What is expected: Return exactly those lines of the material that fall between the line with "2025, 7:38 pm" and the final line, both included.

Working data:
- - -

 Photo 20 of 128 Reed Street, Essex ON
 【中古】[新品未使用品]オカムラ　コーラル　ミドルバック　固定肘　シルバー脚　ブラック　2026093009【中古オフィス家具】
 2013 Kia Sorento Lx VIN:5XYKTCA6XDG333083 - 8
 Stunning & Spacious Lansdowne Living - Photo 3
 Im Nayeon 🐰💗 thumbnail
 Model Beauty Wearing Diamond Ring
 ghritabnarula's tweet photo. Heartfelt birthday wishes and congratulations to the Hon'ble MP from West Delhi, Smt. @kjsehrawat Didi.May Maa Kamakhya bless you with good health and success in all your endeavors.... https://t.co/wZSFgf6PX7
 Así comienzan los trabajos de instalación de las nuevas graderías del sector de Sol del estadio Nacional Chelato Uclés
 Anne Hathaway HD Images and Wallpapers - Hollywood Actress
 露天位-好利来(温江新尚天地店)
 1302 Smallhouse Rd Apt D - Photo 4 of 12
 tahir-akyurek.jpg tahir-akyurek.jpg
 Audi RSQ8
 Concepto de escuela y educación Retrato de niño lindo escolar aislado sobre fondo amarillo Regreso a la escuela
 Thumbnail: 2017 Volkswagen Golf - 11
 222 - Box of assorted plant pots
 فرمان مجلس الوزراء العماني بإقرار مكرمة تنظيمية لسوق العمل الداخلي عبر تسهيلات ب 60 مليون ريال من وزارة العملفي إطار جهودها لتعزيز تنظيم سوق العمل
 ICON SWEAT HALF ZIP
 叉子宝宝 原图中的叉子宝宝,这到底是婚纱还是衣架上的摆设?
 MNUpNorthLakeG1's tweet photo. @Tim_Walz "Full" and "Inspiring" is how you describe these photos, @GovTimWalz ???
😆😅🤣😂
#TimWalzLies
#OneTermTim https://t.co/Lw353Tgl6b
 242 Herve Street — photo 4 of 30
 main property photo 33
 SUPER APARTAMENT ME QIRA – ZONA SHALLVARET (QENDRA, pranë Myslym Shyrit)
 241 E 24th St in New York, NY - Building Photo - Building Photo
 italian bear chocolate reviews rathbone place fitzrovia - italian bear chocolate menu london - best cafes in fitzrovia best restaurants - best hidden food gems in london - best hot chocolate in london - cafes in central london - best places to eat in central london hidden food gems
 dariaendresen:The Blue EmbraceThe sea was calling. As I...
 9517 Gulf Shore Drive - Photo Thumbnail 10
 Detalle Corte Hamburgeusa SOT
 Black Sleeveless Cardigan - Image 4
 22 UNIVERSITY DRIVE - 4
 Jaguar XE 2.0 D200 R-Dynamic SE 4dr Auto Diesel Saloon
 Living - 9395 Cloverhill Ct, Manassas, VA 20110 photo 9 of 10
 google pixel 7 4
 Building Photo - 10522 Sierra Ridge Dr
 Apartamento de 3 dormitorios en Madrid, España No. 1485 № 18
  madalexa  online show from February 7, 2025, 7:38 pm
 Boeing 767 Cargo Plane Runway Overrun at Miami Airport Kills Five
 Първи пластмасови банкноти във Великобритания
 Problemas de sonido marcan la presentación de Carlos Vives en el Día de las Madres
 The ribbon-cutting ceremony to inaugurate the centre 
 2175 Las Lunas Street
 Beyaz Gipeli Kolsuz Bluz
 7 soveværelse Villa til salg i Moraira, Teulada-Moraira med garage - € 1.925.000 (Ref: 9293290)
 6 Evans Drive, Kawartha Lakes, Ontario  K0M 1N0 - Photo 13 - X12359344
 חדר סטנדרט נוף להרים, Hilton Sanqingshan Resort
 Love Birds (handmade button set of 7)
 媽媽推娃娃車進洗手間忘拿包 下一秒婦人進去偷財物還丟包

- - -

Solution to this exercise:
  madalexa  online show from February 7, 2025, 7:38 pm
 Boeing 767 Cargo Plane Runway Overrun at Miami Airport Kills Five
 Първи пластмасови банкноти във Великобритания
 Problemas de sonido marcan la presentación de Carlos Vives en el Día de las Madres
 The ribbon-cutting ceremony to inaugurate the centre 
 2175 Las Lunas Street
 Beyaz Gipeli Kolsuz Bluz
 7 soveværelse Villa til salg i Moraira, Teulada-Moraira med garage - € 1.925.000 (Ref: 9293290)
 6 Evans Drive, Kawartha Lakes, Ontario  K0M 1N0 - Photo 13 - X12359344
 חדר סטנדרט נוף להרים, Hilton Sanqingshan Resort
 Love Birds (handmade button set of 7)
 媽媽推娃娃車進洗手間忘拿包 下一秒婦人進去偷財物還丟包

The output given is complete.